On 7 July, the European Banking Authority (EBA) began a consultation on guidelines for common procedures and methodologies for the supervisory review and evaluation process (SREP) as provided for in the Capital Requirements Directive (CRD IV).

This is the most comprehensive document on how EU banking supervisors should assess risk issued to date - it extends the focus of the SREP from capital risk and adequacy to a much more comprehensive assessment of a bank's business and risk profile. To put this in context the Guidelines are almost 5 times longer than those previously issued at an EU level. By providing a risk-by-risk approach, the Guidelines are intended to drive significant convergence in micro-prudential supervision across the EU. They should form the basis for SREP under the Eurozone's Single Supervisory Mechanism (SSM), thus providing one of the first tangible insights into the practical application of supervision under the SSM.
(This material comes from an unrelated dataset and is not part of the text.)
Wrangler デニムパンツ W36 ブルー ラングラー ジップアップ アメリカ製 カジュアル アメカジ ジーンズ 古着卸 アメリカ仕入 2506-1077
Overall, the Guidelines advance the SREP framework and focus on a range of areas which not only include the Internal Capital Adequacy Assessment Process (ICAAP) but also the underlying business model characteristics and risks, financial resources, governance and controls, using a scoring based-approach which enables peer comparison.

The four key elements upon which the individual institution will be scored are:

  1. Business Model Analysis (BMA)
  2. Assessment of internal governance and institution-wide controls 
  3. Assessment of risk to capital (including inherent risks and controls, determination of own funds and stress testing, and capital adequacy assessment) 
  4. Assessment of risks to liquidity and funding (including inherent risks and controls, determination of liquidity requirements and stress testing, and liquidity adequacy assessment)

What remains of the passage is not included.